# [Goal of the exercise]
Under this line are the records; repeat exactly the lines starting at the one containing "Autre Marque Ernie" and ending at the one containing "Japans Tattoo Koi Fish Design Sleutelhanger", omitting pictures.

(Stored dataset items)

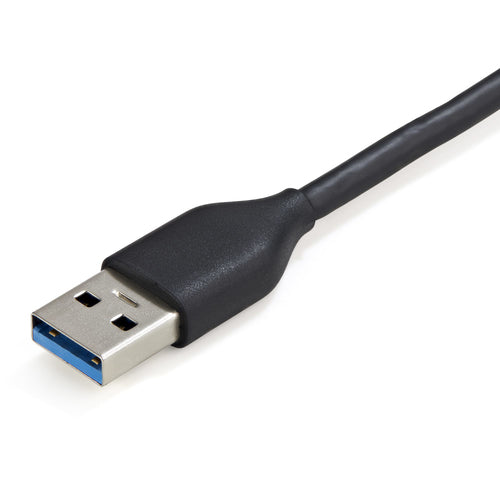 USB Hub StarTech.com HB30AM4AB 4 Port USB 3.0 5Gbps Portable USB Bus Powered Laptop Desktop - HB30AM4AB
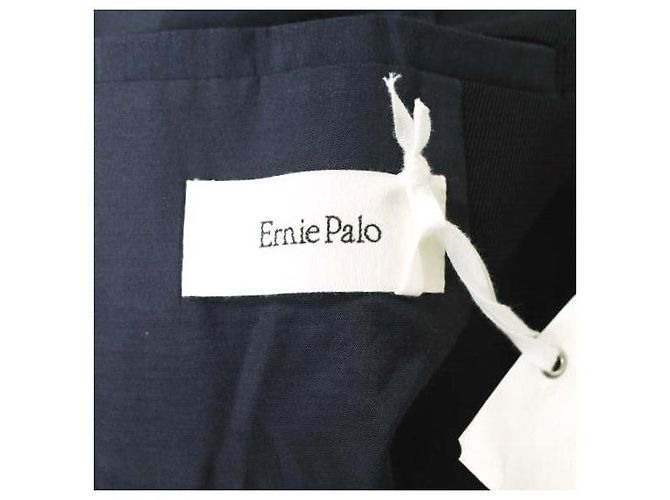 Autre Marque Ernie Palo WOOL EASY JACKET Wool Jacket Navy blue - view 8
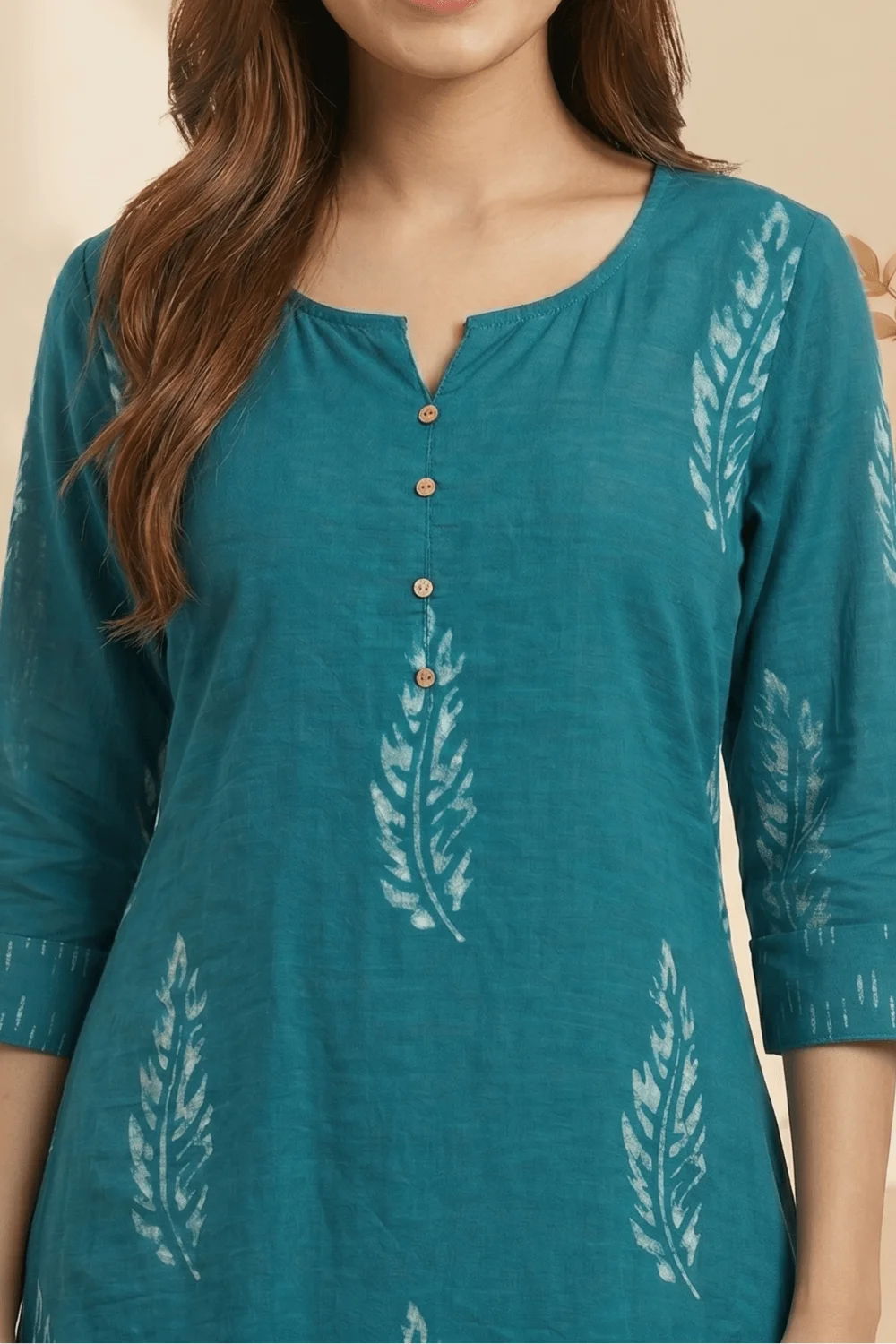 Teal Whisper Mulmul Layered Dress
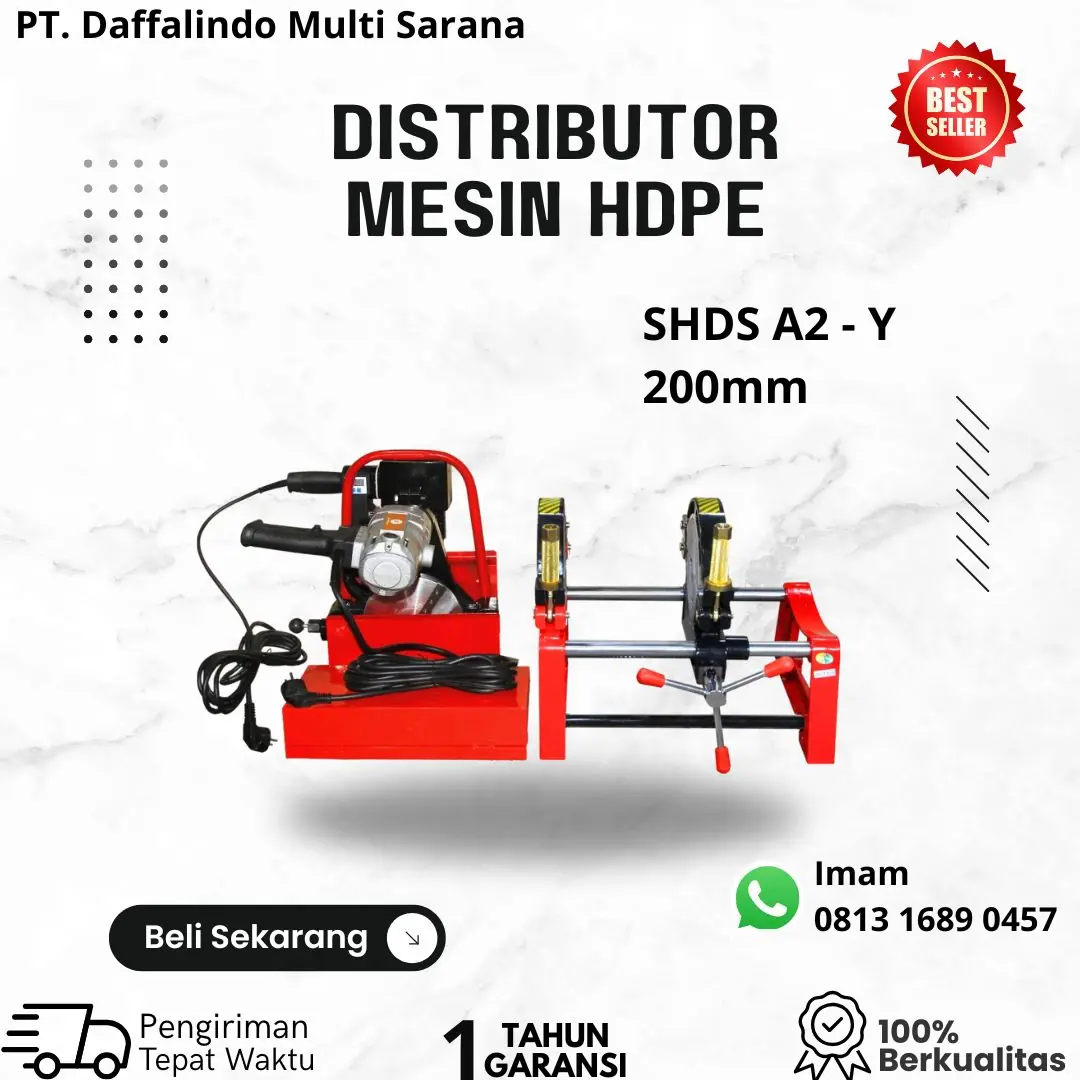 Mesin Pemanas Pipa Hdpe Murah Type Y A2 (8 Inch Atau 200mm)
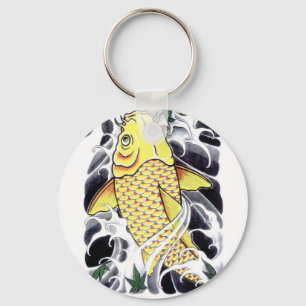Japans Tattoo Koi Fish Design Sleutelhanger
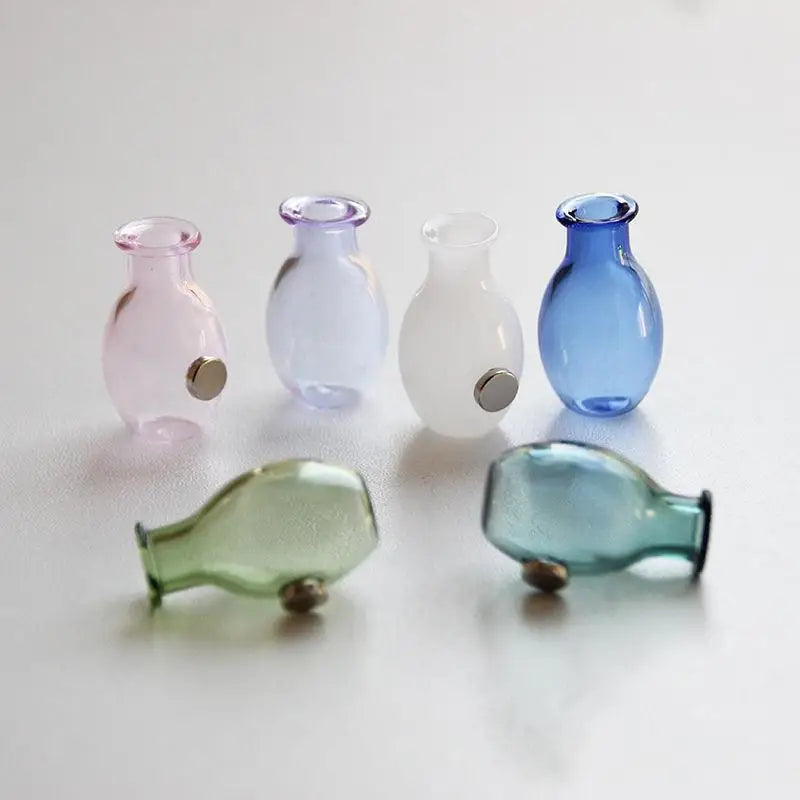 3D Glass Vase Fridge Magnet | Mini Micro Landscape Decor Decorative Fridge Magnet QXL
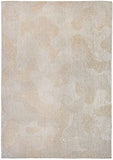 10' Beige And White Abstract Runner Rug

# [Expected answer]
 Autre Marque Ernie Palo WOOL EASY JACKET Wool Jacket Navy blue - view 8
 Teal Whisper Mulmul Layered Dress
 Mesin Pemanas Pipa Hdpe Murah Type Y A2 (8 Inch Atau 200mm)
Japans Tattoo Koi Fish Design Sleutelhanger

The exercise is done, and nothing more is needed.